"Vanity induces men, more than reason, to act against inclination."

The Duke de La Rochefoucald: Maxims.

1

I sailed for America in December, 1915, on perhaps the most difficult mission that I have ever undertaken. It was not expected, of course, that the United States would enter the war against us or upset the diplomatic equilibrium in our favour without provocation and until the result of the elections had been seen. I went, as I have suggested, to counteract the German propaganda, which sought to make all at least equally responsible for the war, and also to remove some part of the bad impression which had been left by our more unbridled journalists and our less imaginative statesmen.
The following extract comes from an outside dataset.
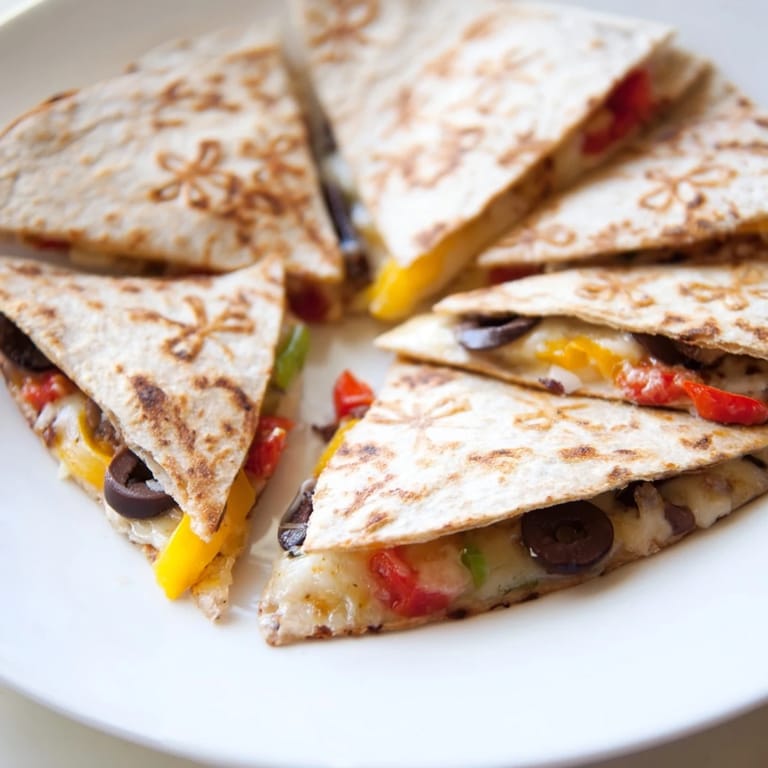 Cheesy, crispy Express Snowflake Quesadillas served with salsa, perfect for a fast, flavorful family meal.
The moral approbation of America was too precious an asset to fritter away, and the purchase of material depended on the goodwill of American financiers, the supply of munitions could be stopped as a diplomatic reprisal.

It was perhaps unfortunate that my arrival coincided with an outburst of new interest in the Blockade, ending with the creation of a Blockade Ministry and the appointment of a Blockade Minister. (Harry Merefield used to shake his head over any new interest in the Blockade. "We always say that Germany must be defeated in the field, and I'm apprehensive when the soldiers tell me that they're counting on our starving the brutes out.") I was asked, too, at more than one meeting how the Government of Great Britain reconciled its passionate crusade in defence of small nationalities with its no less passionate refusal to allow the Irish to control their own destinies. The dreary tale of the unchecked Ulster gun-running and the appeal to Germany was rehearsed for my benefit; and my more law-abiding Irish audiences generated considerable heat over the presence of "the rebel Carson" in the Cabinet.

But, if I found the work difficult, it gave me a respite from England, where I felt that I had been watching the machine at too close quarters. Since the day when I helped George Oakleigh to divide the world and secure a lasting peace, our nerves had worn thin; we devoted too much time to seeing that other people went promptly about their duties; and a deadly personal bitterness—embodied for me in Grayle, though I do not single him out for attack—poisoned our confidence in our own leaders. I was glad to feel the icy wind of the Atlantic lashing my face, blowing the cobwebs from my brain and the sour taste from my mouth, as we rounded the last Irish headland.

During the week that I had to myself on board, sailing without lights and zig-zagging out of reach of submarines, I put together the notes for some of my speeches. It was extraordinarily difficult to say anything definite. After eighteen months of hostilities and mid-way through a second winter, there was a confident expectation that the great spring offensive would end the war. The Austrian losses were known to be gigantic, and it was believed that the old emperor was flirting with peace; Germany was starving, and the moral of the German army had notoriously broken. (Our avowedly humorous publications demonstrated that a British soldier had still only to call "Waiter!" or to exhibit a sausage at the end of his bayonet to have a swarm of German prisoners on their knees to him.)

Yet, beneath all our confidence ran a chilling current of doubt. The spring offensive would be launched in Belgium or France, but the clubs and dinner tables, the military correspondents—it was whispered, the Cabinet itself—were divided into "westerners" and "easterners."

"If we could hold up the Huns at Ypres," George had said to me gloomily on my last day in England, "they can hold us up equally well, when the proportion of fighting strength has been reversed. I hoped in the early days of the Dardanelles that we were going to knock away the buttresses and bring down the whole structure of the Central Empires, detach Turkey and Bulgaria, you know, carve a way into the Hungarian plains. Now I'm by no means comfortable...."

George, with many others, was not destined to think of the Dardanelles with an easy mind until news reached the Eclectic Club one day at luncheon that Gallipoli had been miraculously evacuated, and a sigh of relief rose over London, to be followed by a feeling that, though we had escaped once, our luck might desert us at the second tempting. More and more I was hearing the criticism that there were too many amateur strategists in the Cabinet with no one to check the careless inspiration which led them to fling their armies to Sulva Bay or Salonica, while the thinning reserves on the western front impelled the Government inch by reluctant inch to conscription.